Summary: | This thesis explores contemporary Canadian cinema by investigating the convergence of
films, policy and criticism as they are implicated in the idea of canon. Both fluid and multiple in
its frame(s) of reference, the term canon extends beyond a list or core of privileged texts to
include the processes of evaluation. Posited as a performative construct, the national cinema
canon can be seen as offering a strategically deployed expression of national cultural identity,
with appraisals of each film's value arising from the intersection of critical and governmental
discourses; however, narrow admission criteria along with the displaced goal of developing a
distinctive national art cinema reinforce perceptions of absence-of Canadian culture and/or
identity-by delimiting canonical boundaries to exclude more than they include. Focussing on
feature film production since 1984, and adopting a predominantly English Canadian perspective,
this thesis aims to examine the underlying assumptions that direct canon formation; rather than
attempting to reject or replace the existing canon, this process of rereading entails working
within the prevailing discourses in order to generate an awareness of the politics of selection.
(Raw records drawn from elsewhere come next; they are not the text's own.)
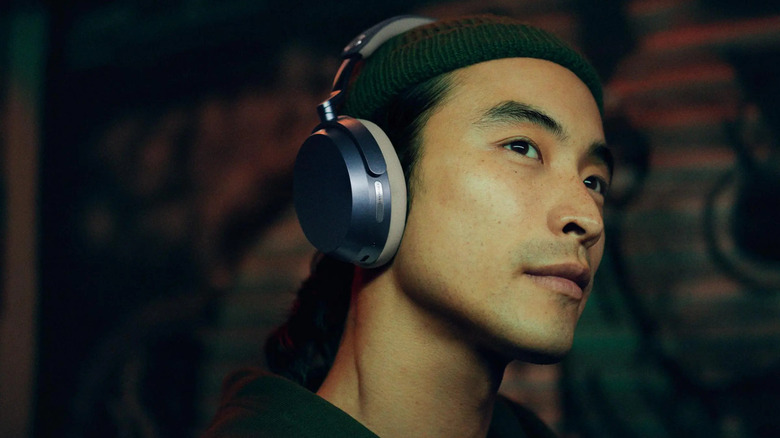 A man in trendy hip-hop style clothing stares off camera while wearing Sennheiser headphones.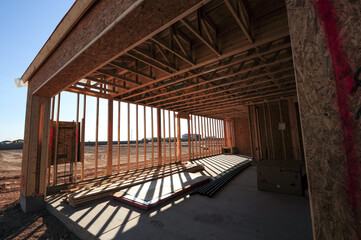 Fototapeta premium A wide-angle perspective captures the garage area of a wooden home under construction in southeastern Maricopa County, Arizona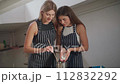 Two young attractive women in striped aprons are making scented wax candles. One of them adds the wax to the pan, the other stirs it. The process of making aromatic wax candles. 112832292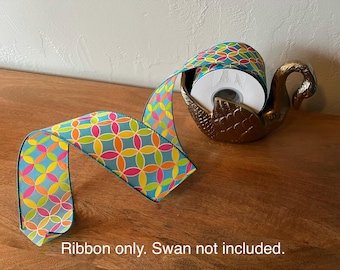 Brightly colored ribbon; 2.5” x 10 yards wired ribbon
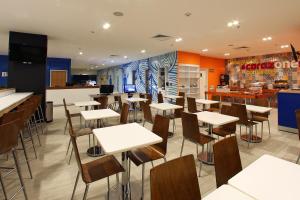 ein Restaurant mit Tischen und Stühlen und einer Bar in der Unterkunft One Ciudad de México Periférico in Mexiko-Stadt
Emerging from a tradition of liberal humanist nationalism, canon formation in the
Canadian context invokes conflicting conceptions of high cultural enlightenment and mass
commodity success which have become entrenched as a continuing tension between cultural and
industrial goals. These tensions are further complicated by a "double conscious" perspective
that simultaneously values and rejects American cinema culture. Chapter One explores the
factors shaping the admission criteria of origin and value, while Chapter Two addresses the
relationship between national culture and canon formation. Chapter Three considers the ways in
which Canadian cinema is defined through policy, including a case study of the 1999 Feature
Film Advisory Committee Report, which encapsulates the directional challenges facing cultural
policy development. Approaches to devising a descriptive canon are addressed in Chapter Four,
in which hybrid categories are suggested that could be used to supplant the nationalist
perspective with an acknowledgement of the fluidity of the metaphysical frontier of culture, and
hence the transnational, or perhaps post-nationalist, aspects of Canadian cultural experience.